Sólo de vez en cuando llegan noticias de los conflictos surgidos en Kenya, pero, por su carácter, puede presumirse que se trata de movimientos susceptibles de propagarse y difundirse por diversas regiones del África Central. El conflicto que acaba de estallar en el sur del Sudán mueve a pensar que el peligro no es remoto y que las inquietudes de esas poblaciones, complicadas con las diversas reacciones frente a los distintos grupos que ejercen el poder, pueden conmover profundamente las situaciones establecidas.
Por ahora le ha tocado el turno a Marruecos, importantísima zona en la que el protectorado francés se ve abocado a una gravísima situación. Como en el resto del mundo árabe, predomina allí desde los últimos años un movimiento nacionalista —encabezado por el Partido Istiqlal—, cuya fuerza se acrecienta en las ciudades y en las zonas de mayor influencia europea. En última instancia, el movimiento nacionalista aspira a la independencia, posición a la que no se pliegan, por cierto, determinadas poblaciones de regiones interiores de menor nivel de civilización. Pero aquella actitud choca con fuertes resistencias. Marruecos, donde los grupos de colonos franceses son numerosos, ha experimentado en los últimos tiempos un gran progreso, especialmente a partir de la administración del mariscal Lyautey. Todavía después ese desarrollo se ha intensificado con motivo de las ingentes inversiones de capital que se han hecho en diversas regiones para explotación de ciertas riquezas, a raíz de lo cual se ha desarrollado y ahondado el sentimiento xenófobo que alentaba en las poblaciones indígenas.
El auge del movimiento nacionalista, tonificado por el sentimiento religioso, se tradujo en una continua inquietud popular que, hace dos años, llegó a preocupar al gobierno francés. En tanto que Argelia ha sido incorporada al territorio francés, Marruecos mantiene una situación de protectorado, que se ejerce por sobre un sultán, de poderes muy limitados. En 1953 el sultán Mohamed ben Yussef puso de manifiesto su adhesión al movimiento nacionalista y se abstuvo de secundar una de las periódicas revisiones del estatuto del Protectorado.
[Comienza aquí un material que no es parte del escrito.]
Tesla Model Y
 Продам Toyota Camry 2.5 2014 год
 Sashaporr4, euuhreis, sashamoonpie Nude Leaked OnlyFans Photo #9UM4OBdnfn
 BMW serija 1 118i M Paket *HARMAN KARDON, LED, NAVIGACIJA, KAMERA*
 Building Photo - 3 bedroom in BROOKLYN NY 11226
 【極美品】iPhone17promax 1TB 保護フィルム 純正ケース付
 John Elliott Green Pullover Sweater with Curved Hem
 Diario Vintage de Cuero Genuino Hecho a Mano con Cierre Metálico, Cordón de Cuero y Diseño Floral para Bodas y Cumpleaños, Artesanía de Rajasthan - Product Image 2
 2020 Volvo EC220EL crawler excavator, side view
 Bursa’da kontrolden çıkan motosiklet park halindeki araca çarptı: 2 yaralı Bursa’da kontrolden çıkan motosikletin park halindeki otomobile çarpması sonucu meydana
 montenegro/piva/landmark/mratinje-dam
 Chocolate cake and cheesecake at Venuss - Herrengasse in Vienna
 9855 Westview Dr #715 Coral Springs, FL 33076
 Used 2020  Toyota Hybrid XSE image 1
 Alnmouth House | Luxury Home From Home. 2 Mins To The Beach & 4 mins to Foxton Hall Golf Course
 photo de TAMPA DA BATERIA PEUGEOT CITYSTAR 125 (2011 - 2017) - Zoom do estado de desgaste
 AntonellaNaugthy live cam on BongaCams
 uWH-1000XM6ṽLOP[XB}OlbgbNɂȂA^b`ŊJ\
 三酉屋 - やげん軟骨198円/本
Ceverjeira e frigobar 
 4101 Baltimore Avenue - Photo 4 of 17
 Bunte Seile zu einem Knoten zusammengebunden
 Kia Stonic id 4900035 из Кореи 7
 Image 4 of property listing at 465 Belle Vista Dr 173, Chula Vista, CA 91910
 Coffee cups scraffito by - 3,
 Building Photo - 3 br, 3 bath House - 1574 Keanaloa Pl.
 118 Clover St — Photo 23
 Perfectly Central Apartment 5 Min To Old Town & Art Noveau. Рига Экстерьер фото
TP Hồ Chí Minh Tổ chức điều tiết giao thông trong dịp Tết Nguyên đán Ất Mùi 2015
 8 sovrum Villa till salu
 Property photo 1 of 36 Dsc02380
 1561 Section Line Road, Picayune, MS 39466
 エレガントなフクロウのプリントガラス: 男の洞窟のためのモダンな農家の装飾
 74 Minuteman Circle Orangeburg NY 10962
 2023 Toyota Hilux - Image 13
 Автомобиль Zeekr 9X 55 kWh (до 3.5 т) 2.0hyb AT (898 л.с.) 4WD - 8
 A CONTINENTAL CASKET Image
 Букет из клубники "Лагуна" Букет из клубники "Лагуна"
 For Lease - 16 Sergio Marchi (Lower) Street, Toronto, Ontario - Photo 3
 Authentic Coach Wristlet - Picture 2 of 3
El gobierno francés lo destituyó, reemplazándolo por Mohamed ben Arafa, que le era adicto; pero desde entonces la situación del gobierno ha sido precaria y los disturbios se han sucedido uno tras otro, con considerables víctimas y daños materiales.
Es innegable que la situación es difícil. El gobierno francés —y buena parte de la opinión pública— está persuadido de que, a la larga, la situación será insostenible, y hace con mayor o menor fortuna esfuerzos para acercarse a una solución. Pero la opinión conservadora dificulta esa política, a la que se oponen también los intereses vinculados a las fuertes inversiones, realizadas en los últimos tiempos, y los colonos de origen francés, que temen por su seguridad, en un régimen en el que se debilite la acción francesa. Entre tales dificultades, es evidente que se hace urgente llegar a un acuerdo que concilie los intereses en pugna. La noticia de que un consejo de regencia organizará un gobierno en el que tengan cabida los grupos nacionalistas, parece autorizar cierto optimismo. Pero es innegable que deberán preverse nuevas dificultades si no se prepara, poco a poco, un plan para dar plena satisfacción a los sentimientos nacionalistas.